A month before Election Day this October, Amistad Press publishes the trade paperback version of April Ryan’s 2022 Black Women Will Save the World: An Anthem. Ryan’s book celebrates Black women’s contributions to political and social change in the United States and was inspired in part by Kamala Harris, who became the first Black female vice president in 2020. Thanks to the Democratic Party’s summer plot twists, Harris is now the first woman of color to lead a major-party presidential ticket (Shirley Chisholm was the first Black woman to run for president). While this election season’s dramatic events have happened too quickly for the paperback edition to be updated, Black Women Will Save the World is nonetheless relevant to current political discourse.
The author is a veteran journalist, political analyst, and the only Black female White House correspondent covering urban issues. Trump’s 2020 loss gave Ryan cause for celebration after enduring what she describes as a diminishing and at times traumatic experience in the White House press room from 2016 to 2020. “Donald Trump literally drove me to drink,” she says.[i]
This slim volume focuses on the historical role of Black women in leadership, the costs of being Black and female, and Black women leading change for the future. For me, the most compelling sections are Ryan’s personal reflections on how the Trump years negatively affected her.

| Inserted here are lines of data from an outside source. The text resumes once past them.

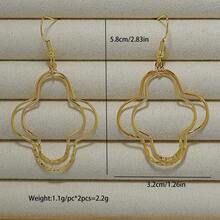 1pair European And American Style Exaggerated Gold Plated Double Ring Rotating Clover Earrings, Suitable For Daily Wear, Business Meetings, Dates, Beach Vacations, And Other Occasions - Gold - View 2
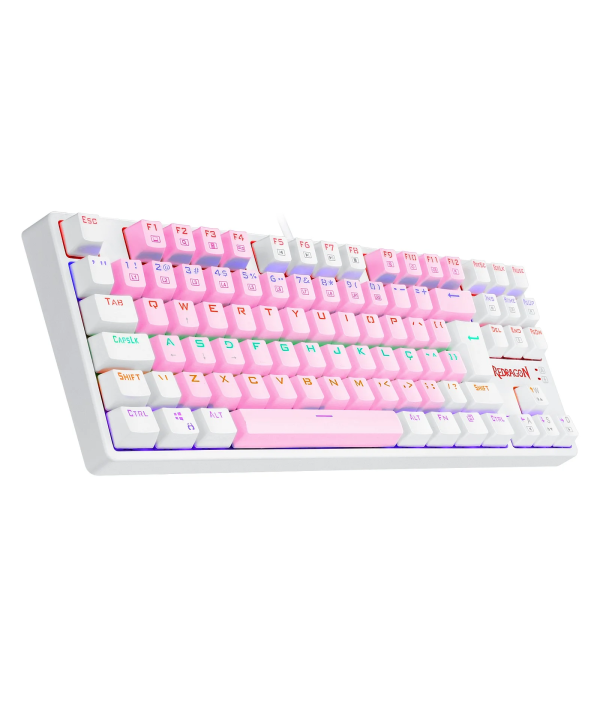 Teclado Mecanico Redragon Daksa Rosa e Branco K576PW-R 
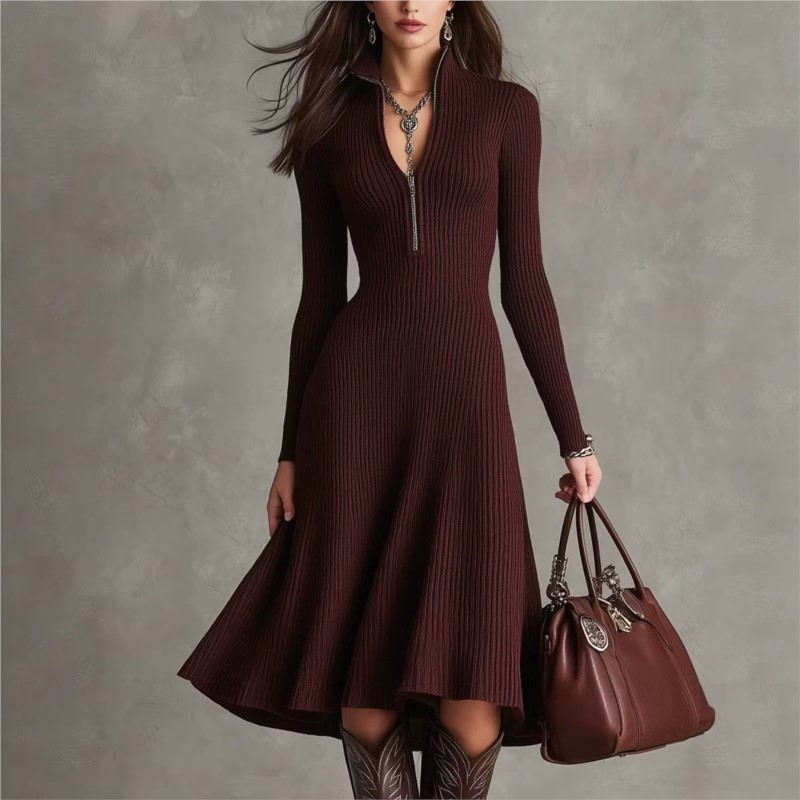 Abito midi in maglia a coste d - Bodycon Long Sleeve Ribbed Dress recensione e prezzo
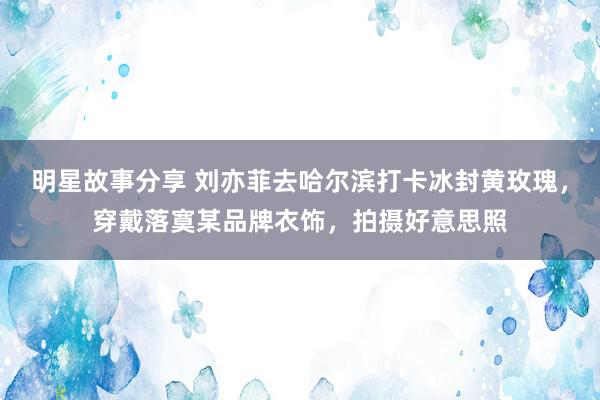 明星故事分享 刘亦菲去哈尔滨打卡冰封黄玫瑰，穿戴落寞某品牌衣饰，拍摄好意思照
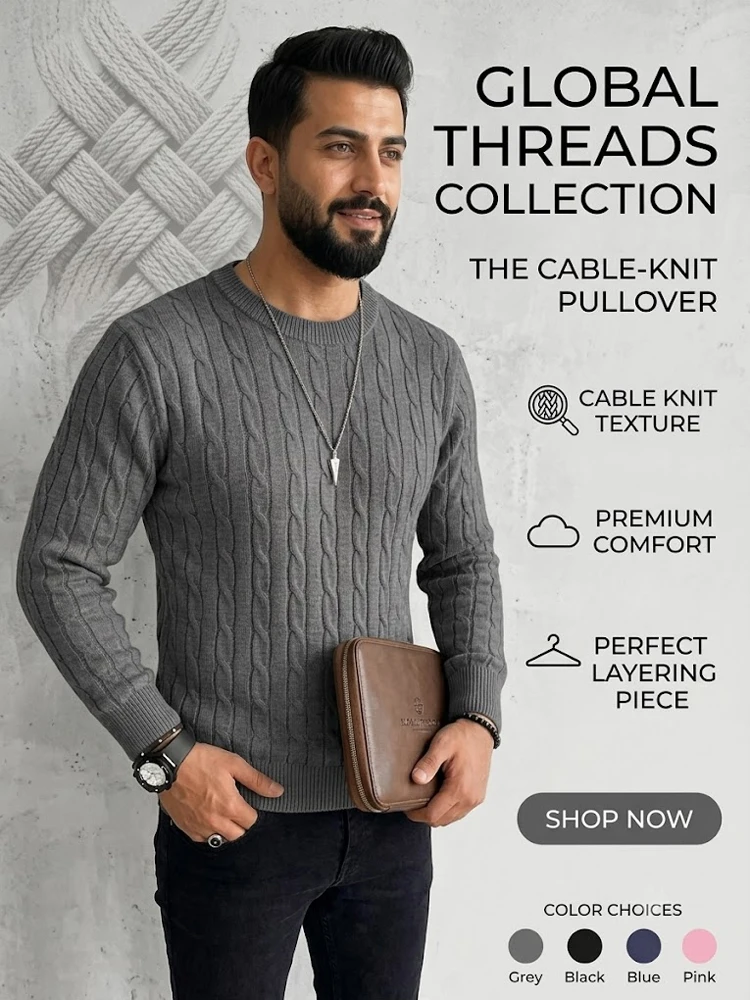 Herbst Herren Langarm Strickpullover Lässiger Rundhalspullover mit Zopfmuster Warme Strickwaren Pullover Sweatshirts oder Herren Arbeitsjacken – Detail 1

She attributes the death threats she received—which included an explosive device mailed to her home—to President Trump’s direct and indirect incitements to violence against real and imagined political critics and enemies. The stress caused Ryan’s hair to fall out. Hair, she notes, she could never rock in braids as a White House journalist without fear of career-damaging backlash and getting labeled a “militant.”[ii]
While Ryan offers few personal anecdotes, the ones she shares are distressing. She recounts, for example, how Trump’s Press Secretary, Sean Spicer, regularly insinuated that the seasoned reporter was only in the room because she was a Black woman. April Ryan continues to work in media and too many tales about the challenges of being a Black female journalist without an elite pedigree (she attended an HBCU, she proudly reminds us, not an Ivy League) would be professionally devastating.[iii] Ryan observes that Black women tend to be overlooked—or scapegoated[iv] when they are too visible—as they aim to do social good while living with the “double whammy” of being Black and a woman.[v]
Ryan notes that Biden’s 2020 victory over Trump did not mean an end to the post–Obama presidency backlash against people of color in the United States: “Trumpism isn’t going anywhere.”[vi] Polling suggests a tight race and robust enthusiasm for the former reality TV show host. This year Trump adds convicted felon to his résumé while his popularity holds. Even as he is credited as the inciter-in-chief of the January 6, 2021, Capitol attacks, the Republican presidential candidate has signaled (again) he could only lose due to unfair voter interference. As Harris gains momentum in what some call a “politics of joy,” it is clear that Ryan’s 2022 observation about Trumpism’s staying power holds true in the midst of concerning events. A disturbing assassination attempt on the former president at a July rally and a second attempt in September have brought the escalating turbulence into sharper focus. Days before a man took aim at the Republican candidate on his Florida golf course, Trump debated Harris and claimed on national television that undocumented immigrants were eating household pets. I admit I laughed outright at the outrageous claim. Yet we dismiss such speech as “weird” at the peril of peace. The escalation of silliness, violent action, and the devolution of politics into cults of personality have converged such that two months before Election Day, many voters aren’t entirely sure what Harris stands for apart from not Trump. For these reasons, I wish Black Women Will Save the World had done more than provide soft-focus profiles of such figures as former Chicago Mayor Lori Lightfoot, Georgia politician Stacy Abrams, and Kamala Harris. The book will no doubt introduce some readers to overlooked figures, and for that it is to be commended.
Nonetheless, we live in a Trump-informed judicial and political landscape where the Supreme Court recently determined presidents are immune from prosecution while carrying out “official acts”—a decree sufficiently vague that it should alarm anyone living in the United States regardless of their political persuasion or citizenship status. Trump’s MAGA movement did not come from nowhere. Our nation was founded on indigenous genocide, the enslavement of Black people, and the exploitation of countless marginalized populations. No one group is likely to save this country let alone the world without asking difficult questions of ourselves and our leaders. April Ryan knows how to pose those difficult questions despite not doing so here.
[i] Black Women Will Save the World: An Anthem, p. 19
[ii] p. 136
[iii] p. 53
[iv] p. 78
[v] p. 101
[vi] p. 35

NONFICTION
Black Women Will Save the World: An Anthem
By April Ryan
Amistad Press
Published October 8, 2024

Lori Hall-Araujo is a communication scholar and visual artist.